17 Jan 2020
Entrepreneurs’ Relief (ER) was introduced in 2008 as the successor to Business Asset Taper Relief. Essentially, it’s a tax break designed to encourage entrepreneurs to invest in and boost the small business market.
ER is the relief available that reduces the Capital Gains Tax rate to 10% for those that qualify when disposing of shares in a trading company, or part or all of a trading business up to a lifetime limit of £10m.
Research by the Institute for Fiscal Studies (IFS) in October 2019 and reported by The Guardian suggested that low rates of CGT have failed to boost investment in UK businesses but have provided large tax savings for company owners. The IFS found no evidence that tax-motivated retention of profits translates into more investment in business capital; profits retained with companies are held as cash or other liquid assets. The IFS stated that Entrepreneurs’ Relief cost the government about £2.4bn a year in lost income and was not working as intended.
In December 2019 The Times and the Daily Mail referenced the same research, as attention turned to March’s budget and the question of how the Conservatives will fund their recent election pledges.
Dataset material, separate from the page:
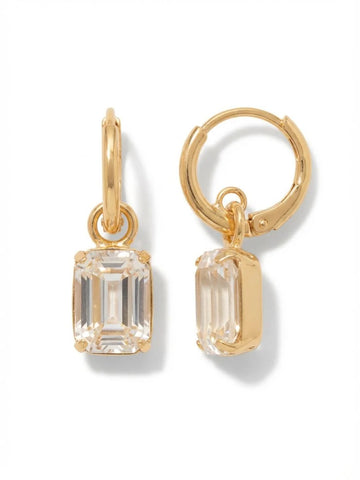 Octavia Crystal Huggie Earrings in Bright Gold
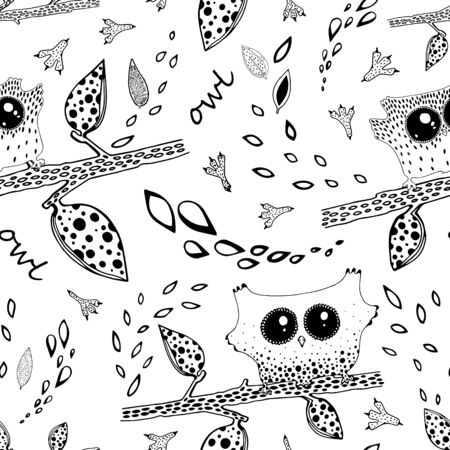 Bright spring seamless pattern in pastel colors. Cute owls on branches in butterflies and flowers in vector. Seamless pattern can be used for wallpapers, web page backgrounds,surface texturesのイラスト素材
Their manifesto prohibits rises in income tax, National Insurance and VAT and promised to review and reform ER, one of the tax measures that in the party’s view, has ‘not fully delivered on [its] objectives’.
Several commentators interpret this 'reform' as probably meaning complete abolition, a move advocated by Former Permanent Secretary of HMRC and former Director General in HM Treasury, Sir Edward Troup, who has recently called on the Government to scrap Entrepreneurs’ Relief claiming that ER has “minimal impact on encouraging entrepreneurship in the UK”. Given Sir Edward’s former roles, there is a real possibility a policy to remove or amend ER could appear in the next budget.
It is clear that ER and other capital tax reliefs are under review, so it is vital that business owners take advice and plan accordingly.